A pseudo interatividade na mídia global

Muito tem se falado sobre as novas tecnologias como formas modernas de comunicação, sendo notável o interesse de grandes empresas e governos em adotar ferramentas que possibilitam uma maior interatividade entre o público e os emissores de informação. Sem qualquer intenção de menosprezar os bons usos dessas tecnologias, algumas questões estão passando ao largo da "modernização" dos processos de comunicação. Até que ponto estes elementos de interatividade representam, de fato, uma maior participação do público?

Essas formas de "democratização" da comunicação são extremamente perigosas, porque passam a nítida impressão de que há uma intervenção direta do receptor. Que, no entanto, é apenas uma meia-verdade e, em alguns casos, uma completa farsa.

Primeiro, porque quem vai escolher com o que os receptores vão interagir continua a ser os mesmos emissores. A produção continua centralizada nas mãos de poucos, o que por si só delimita o campo de ação do cidadão, que se resume a escolher opções pré-estabelecidas pelos próprios emissores.
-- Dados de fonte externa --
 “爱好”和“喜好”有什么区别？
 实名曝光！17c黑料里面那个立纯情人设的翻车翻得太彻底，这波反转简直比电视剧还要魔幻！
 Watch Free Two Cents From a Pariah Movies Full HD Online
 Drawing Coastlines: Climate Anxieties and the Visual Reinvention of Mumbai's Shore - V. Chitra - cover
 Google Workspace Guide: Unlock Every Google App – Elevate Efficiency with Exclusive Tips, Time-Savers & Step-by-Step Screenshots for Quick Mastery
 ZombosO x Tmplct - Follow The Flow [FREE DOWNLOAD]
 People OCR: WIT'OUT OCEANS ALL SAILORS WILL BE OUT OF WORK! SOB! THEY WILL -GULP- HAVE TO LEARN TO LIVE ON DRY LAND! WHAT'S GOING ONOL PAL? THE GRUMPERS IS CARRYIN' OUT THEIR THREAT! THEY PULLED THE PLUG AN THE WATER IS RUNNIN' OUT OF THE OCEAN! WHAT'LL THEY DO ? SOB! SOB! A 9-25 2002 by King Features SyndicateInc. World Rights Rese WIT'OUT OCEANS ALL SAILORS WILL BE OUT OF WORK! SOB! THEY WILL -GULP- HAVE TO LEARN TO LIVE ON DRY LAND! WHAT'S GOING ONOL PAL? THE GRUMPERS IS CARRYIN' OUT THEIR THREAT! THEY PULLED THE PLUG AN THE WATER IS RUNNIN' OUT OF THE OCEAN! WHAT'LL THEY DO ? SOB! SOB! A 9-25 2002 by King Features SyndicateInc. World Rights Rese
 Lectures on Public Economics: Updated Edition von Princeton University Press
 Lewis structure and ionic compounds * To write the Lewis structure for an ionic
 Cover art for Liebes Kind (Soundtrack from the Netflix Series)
Em outras palavras, quando a escolha for feita pelo receptor, uma escolha, de fato, já foi feita anteriormente.

Segundo, porque uma suposta participação mais efetiva na escolha de conteúdo e linguagem pode não significar, em absoluto, um avanço real na tomada de decisão por parte do público.
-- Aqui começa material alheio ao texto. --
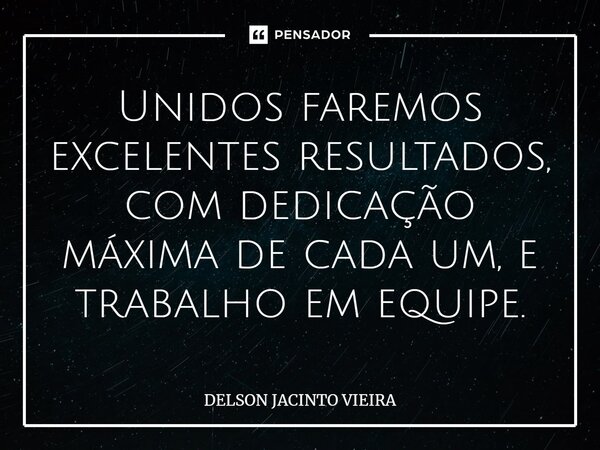 ⁠Unidos faremos excelentes resultados, com dedicação máxima de cada um, e trabalho em equipe.... Frase de Delson Jacinto Vieira.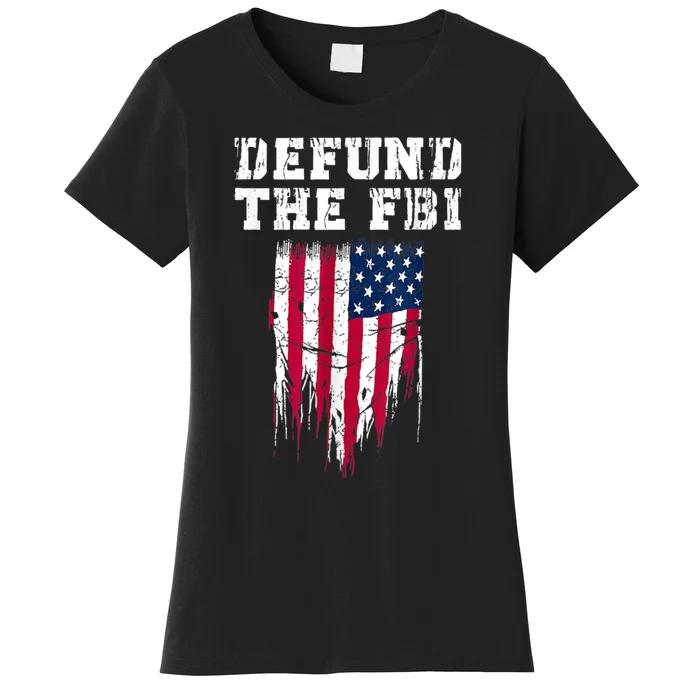 Defund The FBI Federal Bureau Anti FBI Corruption Women's T-Shirt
A interatividade é aqui entendida como uma interação flexível, onde relações recíprocas entre os interlocutores — próprias de situações de diálogo — são possíveis a partir da tecnologia eletrônica ou digital[1]. Isso significa superar visões de um modelo redutor marcado pela unidirecionalidade, que coloca o emissor como propositor de mensagens fechadas e o receptor passivo diante delas.

Significa transformar e redimensionar o espaço da recepção como espaço de interação e transformação, modificar os papéis de emissores e receptores para uma dinâmica relacional, de co-autores/criadores.
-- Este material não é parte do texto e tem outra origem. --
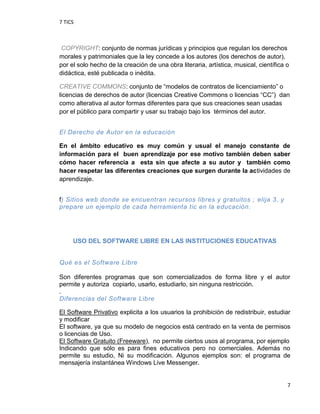 7 TICS
7
COPYRIGHT: conjunto de normas jurídicas y principios que regulan los derechos
morales y patrimoniales que la ley concede a los autores (los derechos de autor),
por el solo hecho de la creación de una obra literaria, artística, musical, científica o
didáctica, esté publicada o inédita.
CREATIVE COMMONS: conjunto de “modelos de contratos de licenciamiento” o
licencias de derechos de autor (licencias Creative Commons o licencias “CC”) dan
como alterativa al autor formas diferentes para que sus creaciones sean usadas
por el público para compartir y usar su trabajo bajo los términos del autor.
El Derecho de Autor en la educación
En el ámbito educativo es muy común y usual el manejo constante de
información para el buen aprendizaje por ese motivo también deben saber
cómo hacer referencia a esta sin que afecte a su autor y también como
hacer respetar las diferentes creaciones que surgen durante la actividades de
aprendizaje.
f) Sitios web donde se encuentran recursos libres y gratuitos ; elija 3, y
prepare un ejemplo de cada herramienta tic en la educación.
USO DEL SOFTWARE LIBRE EN LAS INSTITUCIONES EDUCATIVAS
Qué es el Software Libre
Son diferentes programas que son comercializados de forma libre y el autor
permite y autoriza copiarlo, usarlo, estudiarlo, sin ninguna restricción.
.
Diferencias del Software Libre
El Software Privativo explicita a los usuarios la prohibición de redistribuir, estudiar
y modificar
El software, ya que su modelo de negocios está centrado en la venta de permisos
o licencias de Uso.
El Software Gratuito (Freeware), no permite ciertos usos al programa, por ejemplo
Indicando que sólo es para fines educativos pero no comerciales. Además no
permite su estudio, Ni su modificación. Algunos ejemplos son: el programa de
mensajería instantánea Windows Live Messenger.
 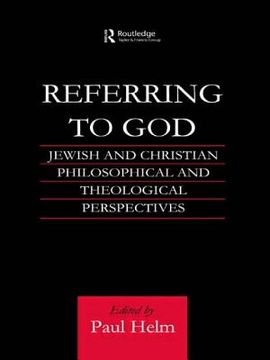portada referring to god: jewish and christian perspectives (en Inglés)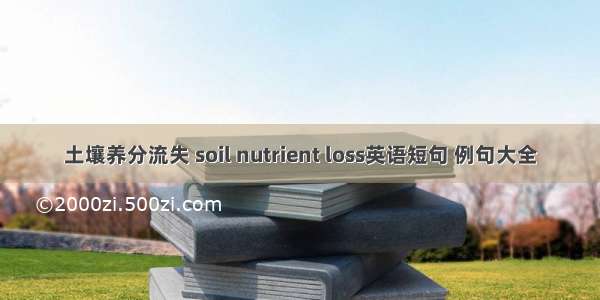 土壤养分流失 soil nutrient loss英语短句 例句大全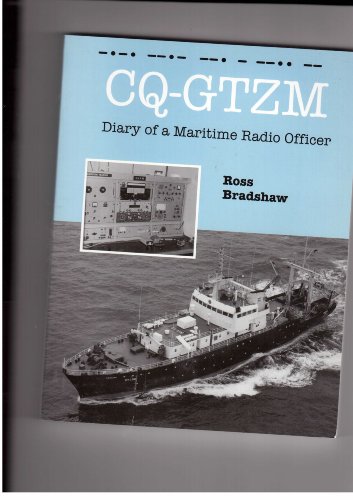 Stock image for CQ-GT2M: Diary of a Maritime Radio Officer for sale by WorldofBooks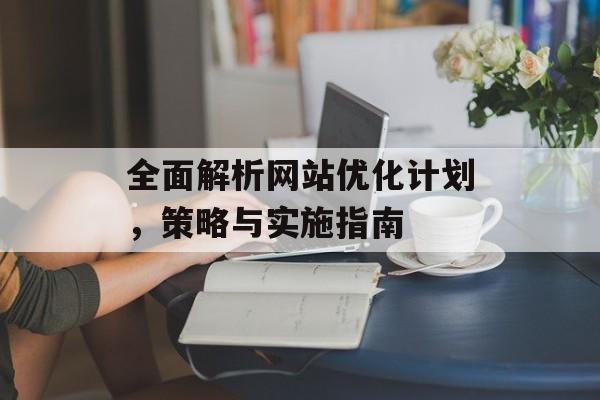 全面解析网站优化计划,策略与实施指南 全面解析网站优化计划,策略与实施指南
Além disso, é sempre bom lembrar que uma das maiores armas de qualquer governo ou empresa na sociedade pós-moderna — a publicidade — é extremamente dependente do conhecimento que possui do público, o que torna algumas ferramentas interativas em pesquisas de mercado eficientes que, por sua vez, ajudam ainda mais o mercado a entender e conquistar o público. O problema desse uso é que, ao tratar seres humanos como meros consumidores e a informação como mercadoria, a sociedade está direcionando automaticamente as novas tecnologias para quem pode pagar mais, tornando-se assim a interatividade mais uma ferramenta de concentração e exclusão social.

Num país que não vê, por exemplo, rádios e tevês como concessões públicas — e sim como meras empresas privadas da livre iniciativa e sem qualquer compromisso com a Constituição —, dificilmente as grandes e médias emissoras se preocuparão em colocar em pauta debates sobre o direito real dos cidadãos brasileiros, porque isso implicaria cortar na própria carne. Implicaria em perder poder.

As iniciativas que promovem a comunicação pró-ativa, com receptor e emissor interagindo e participando, dentro do possível, de todo o processo, devem ser vistas com bons olhos. No entanto, há de estar atento às propostas que visam dar apenas uma falsa impressão de interatividade, quando na verdade continuam a manter a velha lógica do espectador passivo e apático. Em última análise, esses tipos de "avanços" contribuem enormemente para esconder dos cidadãos o real poder que o povo tem sobre os processos de comunicação. _____________________________ [1] LIMA, V. Mídia. Teoria e Política. SP. Fundação Perseu Abramo, 2001 _____________________________ Raquel de Almeida Moraes é formada em Pedagogia pela Unicamp (1985), com Mestrado (1991) e Doutorado (1996) em Filosofia e História da Educação, também pela Unicamp. Além de pesquisadora sobre Informática e Educação, atua desde 1990 na docência em informática educativa e educação a distância. É editora de Educação da Revista Consciência.Net (www.consciencia.net). Clique aqui e saiba mais sobre a autora.

Gustavo Barreto é editor da revista Consciência.Net (www.consciencia.net), colaborador do Núcleo Piratininga de Comunicação (www.piratininga.org.br), estudante de Comunicação Social da UFRJ e bolsista do Programa Institucional de Bolsa de Inciação Científica (PIBIC) pela ECO/UFRJ. Contato por e-mail: [email protected]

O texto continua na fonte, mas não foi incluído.